::: Extracted entries
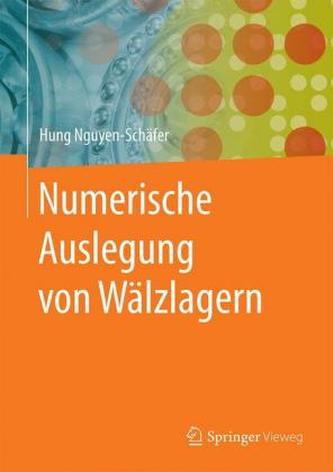 Numerische Auslegung von Wälzlagern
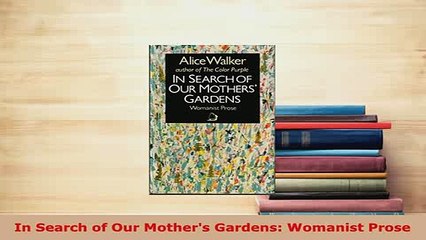 Download  In Search of Our Mothers Gardens Womanist Prose  Read Online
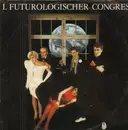 LP - 1. Futurologischer Congress - Schützt Die Verliebten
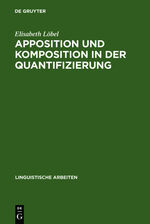 ISBN 9783484301665: Apposition und Komposition in der Quantifizierung - Syntaktische, semantische und morphologische Aspekte quantifizierender Nomina im Deutschen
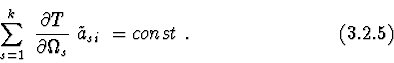 \begin{displaymath}\sum^{k}_{s=1}\ {\partial T\over \partial \Omega_{s}}\ \tilde{a}_{si}\ =const\ .\ \ \
\eqno (3.2.5)\end{displaymath}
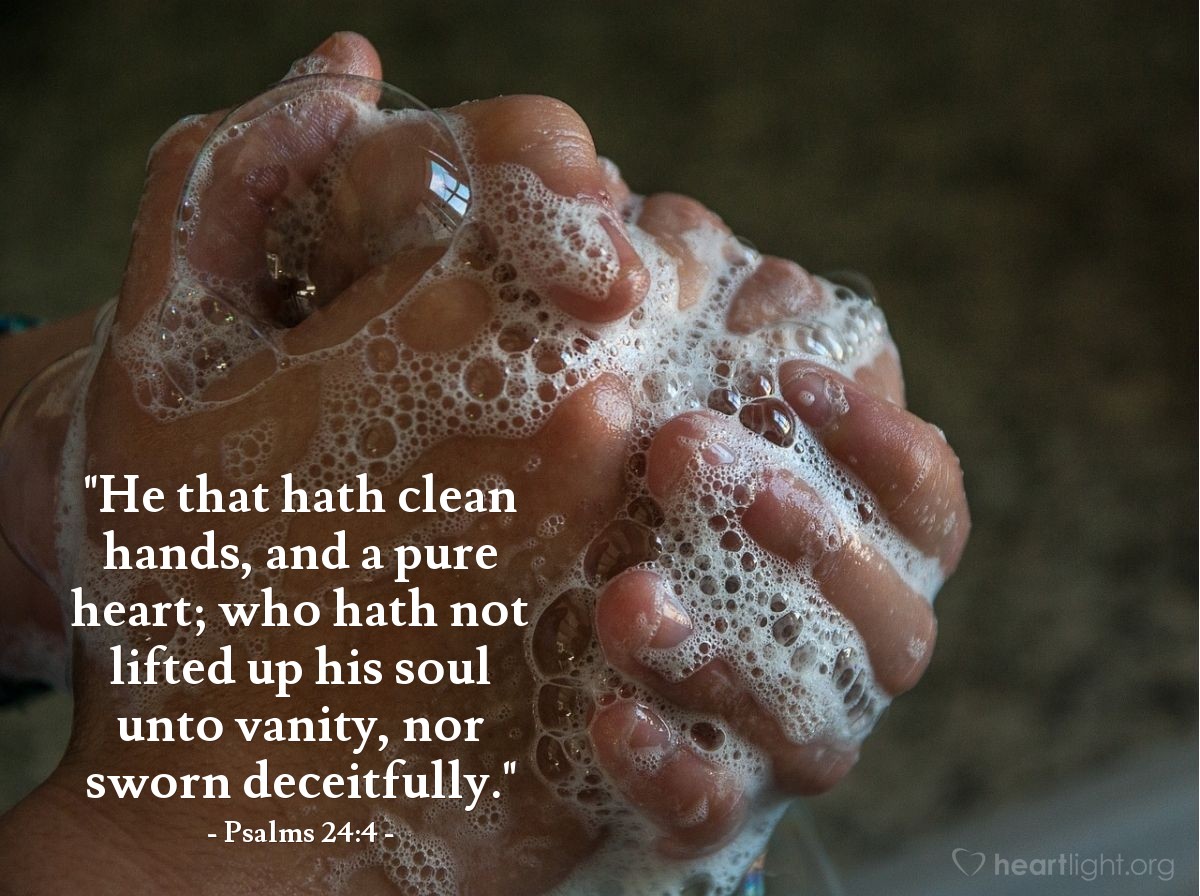 Illustration of Psalms 24:4 — "He that hath clean hands, and a pure heart; who hath not lifted up his soul unto vanity, nor sworn deceitfully."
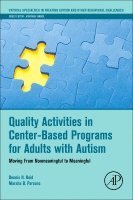 Quality Activities in Center-Based Programs for Adults with Autism (h�ftad)
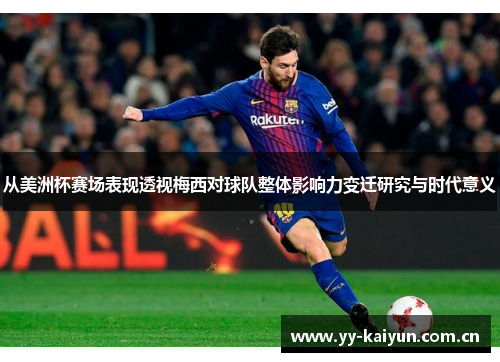 从美洲杯赛场表现透视梅西对球队整体影响力变迁研究与时代意义 从美洲杯赛场表现透视梅西对球队整体影响力变迁研究与时代意义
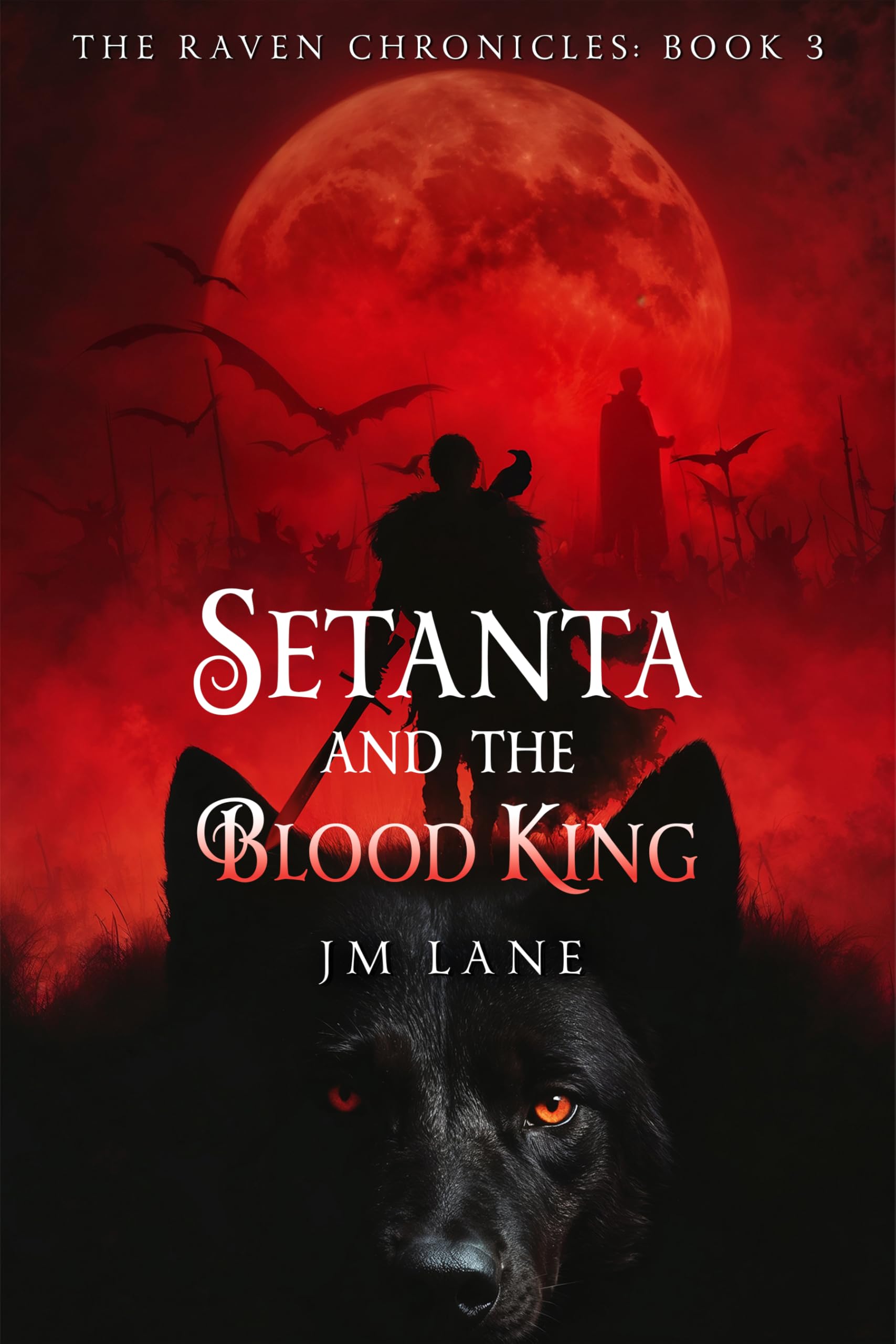 Setanta and The Blood King (The Raven Chronicles Book 3)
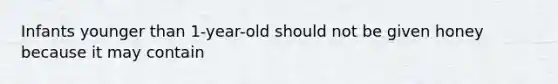 Infants younger than 1-year-old should not be given honey because it may contain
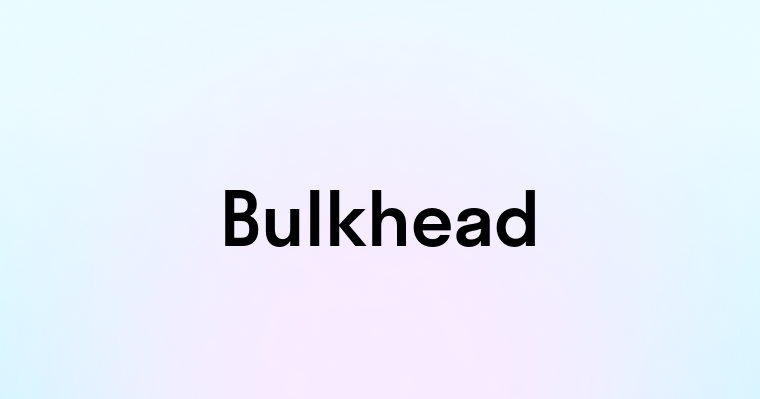 Bulkhead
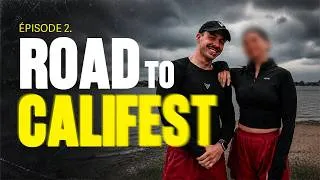 Miniature : ROAD TO CALIFEST - Les SECRETS de mon ENTRAINEMENT avec une GUERRIÈRE (ma copine) - Épisode 2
::::::
### Problem requirements
Word for word, restate all of the data, but do not copy the pictures.

### Written reply
 Numerische Auslegung von Wälzlagern
 Download  In Search of Our Mothers Gardens Womanist Prose  Read Online
 LP - 1. Futurologischer Congress - Schützt Die Verliebten
 ISBN 9783484301665: Apposition und Komposition in der Quantifizierung - Syntaktische, semantische und morphologische Aspekte quantifizierender Nomina im Deutschen
 \begin{displaymath}\sum^{k}_{s=1}\ {\partial T\over \partial \Omega_{s}}\ \tilde{a}_{si}\ =const\ .\ \ \
\eqno (3.2.5)\end{displaymath}
 Illustration of Psalms 24:4 — "He that hath clean hands, and a pure heart; who hath not lifted up his soul unto vanity, nor sworn deceitfully."
 Quality Activities in Center-Based Programs for Adults with Autism (h�ftad)
 从美洲杯赛场表现透视梅西对球队整体影响力变迁研究与时代意义 从美洲杯赛场表现透视梅西对球队整体影响力变迁研究与时代意义
 Setanta and The Blood King (The Raven Chronicles Book 3)
 Infants younger than 1-year-old should not be given honey because it may contain
 Bulkhead
 Miniature : ROAD TO CALIFEST - Les SECRETS de mon ENTRAINEMENT avec une GUERRIÈRE (ma copine) - Épisode 2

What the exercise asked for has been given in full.